The Lockdown Diaries

The Lockdown Diaries: Looking Back To Look Forward

At the start of this year, I truly felt that 2020 would be a turning point. My year, the year that I could leave behind all the trials and tribulations of the decade prior.

Let’s all laugh together, shall we?

The sunshine has ceased and the rainy days I usually yearn for have become suffocating, enveloping the house in a constant downpour and putting a swift stop to the l a z y, sunny afternoons stretched out on the grass. Gone is the pretence that this is all an impromptu holiday.

The empty hours and blurred future have suddenly become increasingly daunting and I’ve been dragged back to reality kicking and screaming. The contentment found in new pasttimes has been replaced with a hummingbird heartbeat, anxiety pounding in my chest like a caged bird.

It’s taken longer than I anticipated it would, but it’s happened. I’ve hit a wall.

There’s no real answers for how best to cope, how to get through the days where hope feels slim and the world as it is right now feels dark and overwhelming. (I’ve had a lot of those days this week.)

I’ve been romanticising the past a little too much, if I’m honest. There’s practically a dent on the bridge of my nose from the rose-tinted glasses I’ve been wearing, looking back with deluded fondness at my daily commute. If you ever hear me singing the praises of London Northwestern, please very firmly tell me that I have, in no uncertain terms, lost my fucking mind.

Another thing I’ve realised – I’ve been seeing a lot of people finding comfort in nostalgia. Digging out old consoles and games, watching childhood cartoons and films, circulating social media challenges to post throwback photos, reaching out to old friends… and honestly, it makes sense.

With the future so uncertain and the present so chaotic, why wouldn’t we seek solace in the past? Why wouldn’t we be craving the simplicity and innocence of childhood, the blissful ignorance and feeling of safety that we forwent as we transitioned into adulthood?

Is it really any wonder that we want that back? That we’re passing our days as children? The colouring, the easy baking? The losing ourselves in books and stories and building forts and cutting up clothes and reaching new personal bests because ‘look! look what I can do! look what I did!!’

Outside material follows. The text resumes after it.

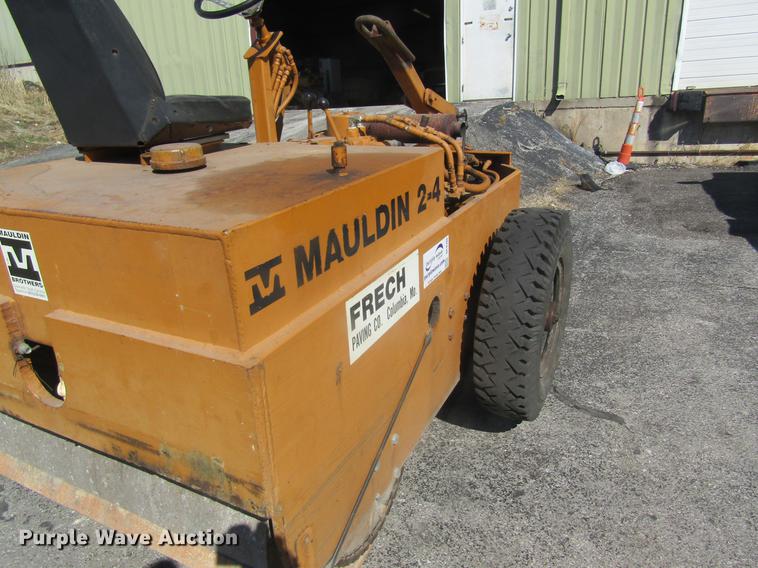 image for item DC4386 Mauldin 2-4 double drum vibratory roller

I know that we ‘shouldn’t look back, because we’re not going that way.’

I know that we shouldn’t whitewash the past and pretend everything was perfect, that we shouldn’t wish to go back, that we shouldn’t spend too much time thinking of days gone by because of the precious time in the present that we’d let slip right by us.

There’s a lot to be said for rediscovering everything our inner children so desperately crave, though. And you know what else? While we’re dipping into the past, there’s also a lot to be said for remembering everything we’ve already overcome.

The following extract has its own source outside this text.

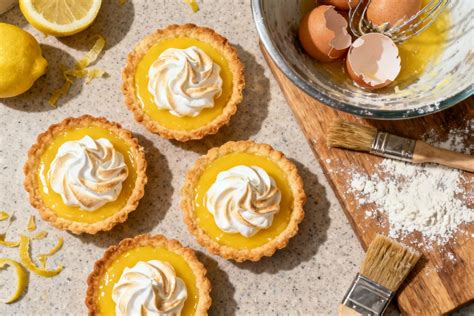 tartelette au citron meringuée décorée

Remember the impossibilities of Maths homework, of hating PE lessons? (HOCKEY. IS. HELL.) Remember not getting that toy you desperately wanted for Christmas? (never did get a Baby Born, thanks mum).

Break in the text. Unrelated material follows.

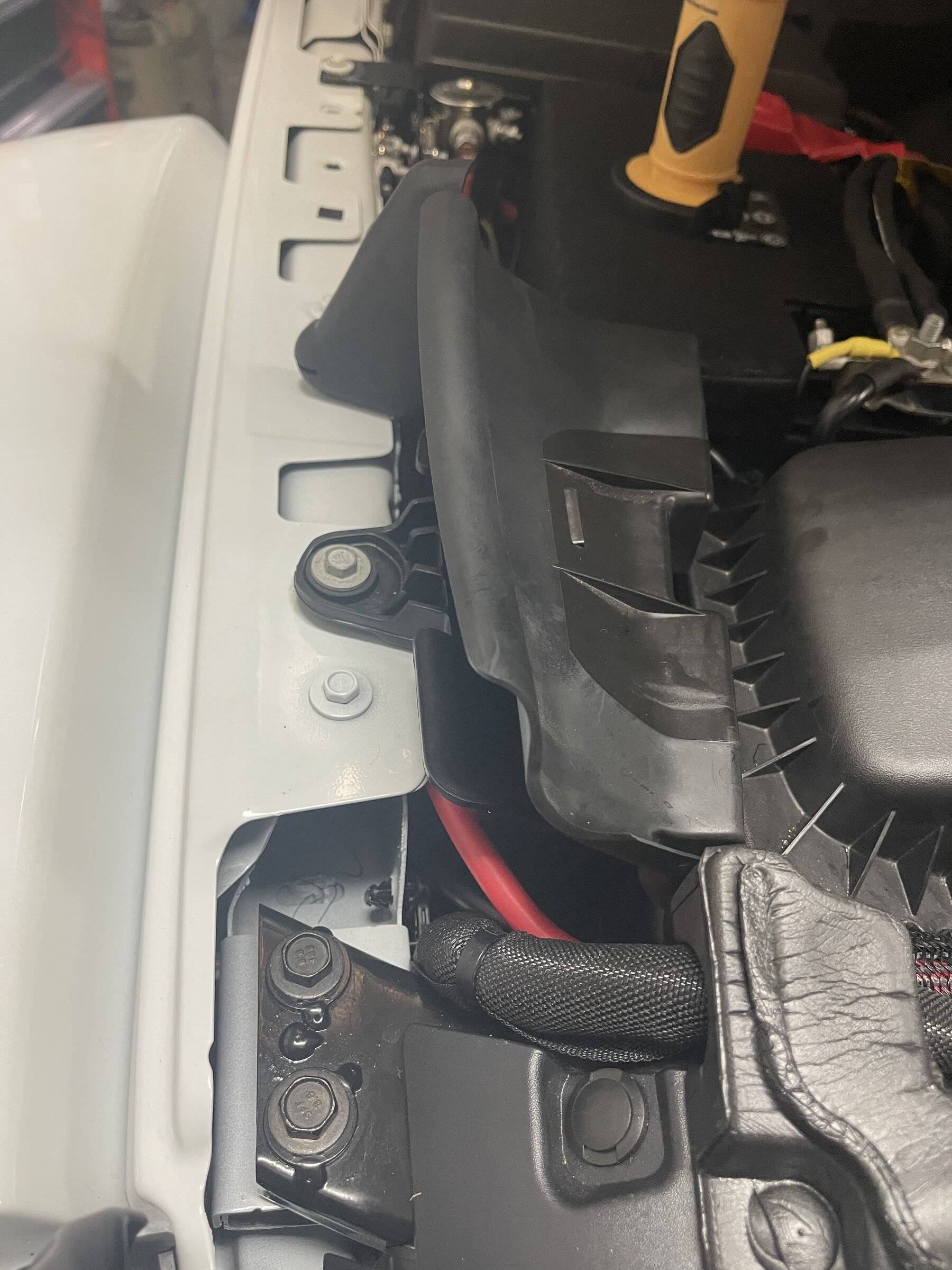 Jeep Wrangler JL Winch disconnect switch location? 3638AEEB-E2CF-4F10-AF7B-9F5E9A349898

Remember your teenage crush not liking you back? Remember screaming at your parents that they didn’t understand you and playing ‘I’m Just A Kid’ by Simple Plan on repeat in your bedroom to make a point?

Remember that hairstyle that you thought was a good idea at the time? I once cut my own fringe with kitchen scissors… jagged isn’t even the WORD. It was my passport photo for years. Never again.

Remember dial-up internet? Remember every time you were denied a McDonalds because ‘we’ve got food at home’?

Picture your worst date. Think back to your worst heartbreak. Remember swearing you’d never, ever get over it? Remember acknowledging that crushing, agonising feeling of getting your heart broken and just knowing at the time that this would be it, the worst pain that you’d never get over?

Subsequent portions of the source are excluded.